Speaking at the 15th Vtb Bank Investment Forum, entitled ‘Russia Calls!’, Putin declared that ‘our enemies wanted to inflict a strategic defeat on Russia, but their plans failed’. In fact, it was Finance Minister Anton Siluanov who described Russia 's economy as “overheated”, and Nabiullina's predictions of inflation returning to acceptable levels of 4% extended to 2026, announcing further short-term increases in interest rates and mortgage rates.

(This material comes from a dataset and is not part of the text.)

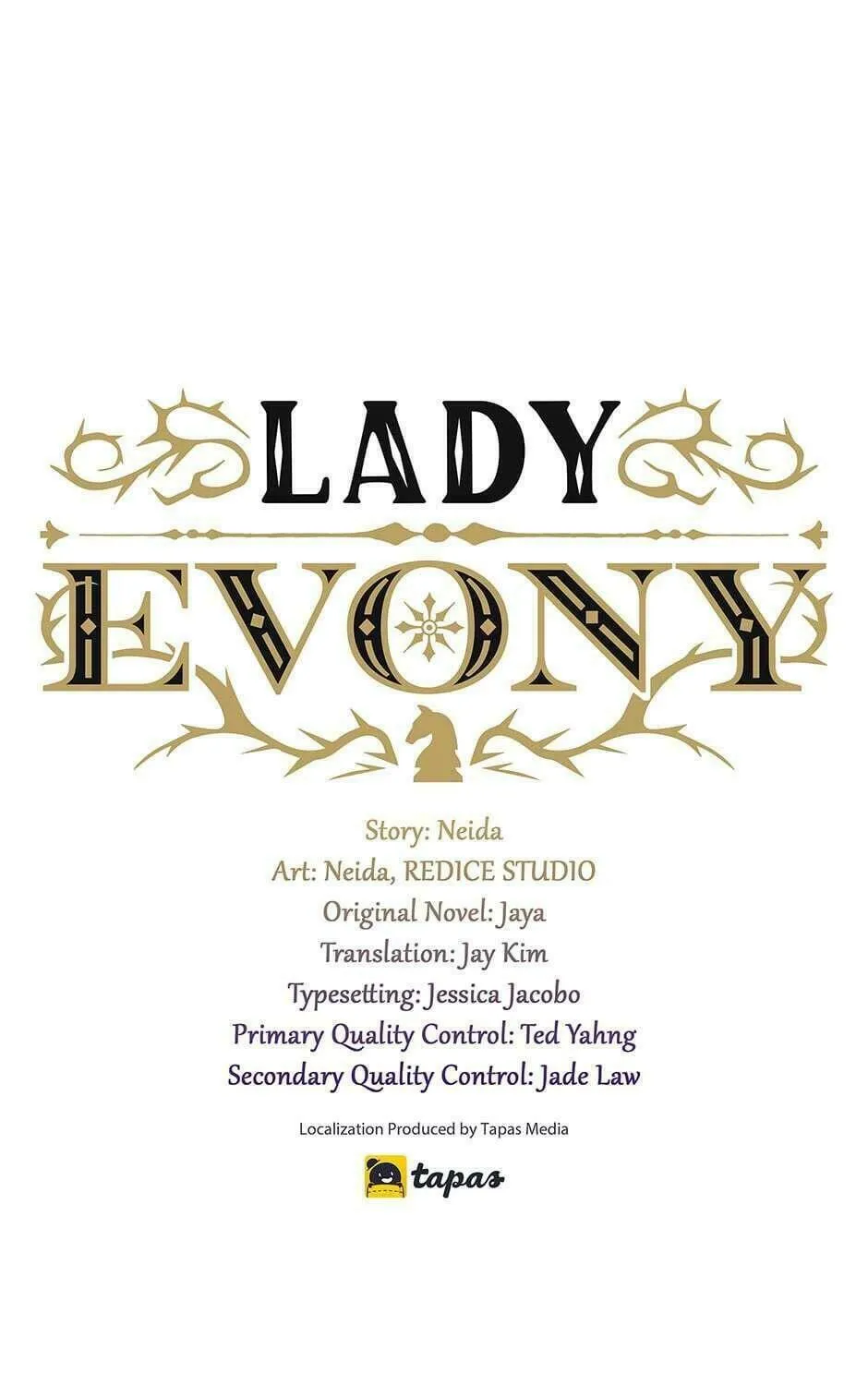 Lady Evony Chapter 72 page 39 -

Foodstuffs, including Olivier's main ingredient, mayonnaise, are rising, and New Year's Eve lunch will be at least 13.5% more expensive, despite Putin's statement at the forum that the increase is only 8.8%. The real savings of citizens are being reduced, and this is one of the worst signs, in the comments of economists. The forum was attended by representatives of the financial world from India, China, Turkey, the Persian Gulf countries, Africa, Central and South-East Asia, as well as other countries that have been offered to produce their wares in Russia, which has ‘shown great resilience in difficult circumstances, adapting to macroeconomic challenges and opening up new horizons for domestic growth’.

Independent observers, such as Russian economists Maksim Blant and Boris Grozovsky, also emphasise the severe shortage of labour due to the war-related mobilisations, which is also contributing to the increasingly expensive business credits. According to Blant, as reported by Radio Svoboda, Putin's optimism about the reduction of unemployment is definitely unfounded, because ‘it is one of the natural limits of an economy that is unable to react to stimuli’. War industrial production, which is calculated in roubles, inflates the economic data without the possibility of verifying how much it really affects the country's entire system.

While prices rise, GDP remains stagnant, the economists observe, and the war economy bias makes the situation of the entire society more and more critical, moving ever more towards stagflation. It is no coincidence, Grozovsky points out, that China invests heavily in the Russian economy, but does not allow its workers to move to Russia, making them stay within their own country to avoid the risk of being left without not only economic, but also legal and social protections. ‘If you have to open a factory, you need guarantees that it won't be nationalised within five or ten years, and you don't know what will happen after Putin, who is not so young any more,’ notes the expert.

The Russians themselves are not rushing to put their money into the super-expensive state credit and long-term bond programmes, not knowing how it will turn out as Putin ‘is systematically destroying all legislative and institutional guarantee institutions’, Grozovsky points out, and the certainty of private ownership is also lacking. Blant also agrees that ‘under these conditions it is naive to count on large foreign investments in Russia’. China merely takes note of the liberation of large market spaces, and tries to occupy them while avoiding risks as much as possible. For Putin, however, the current situation ‘fully meets expectations’, and everyone noticed the pallor on Elvira Nabiullina's face when the president uttered these words.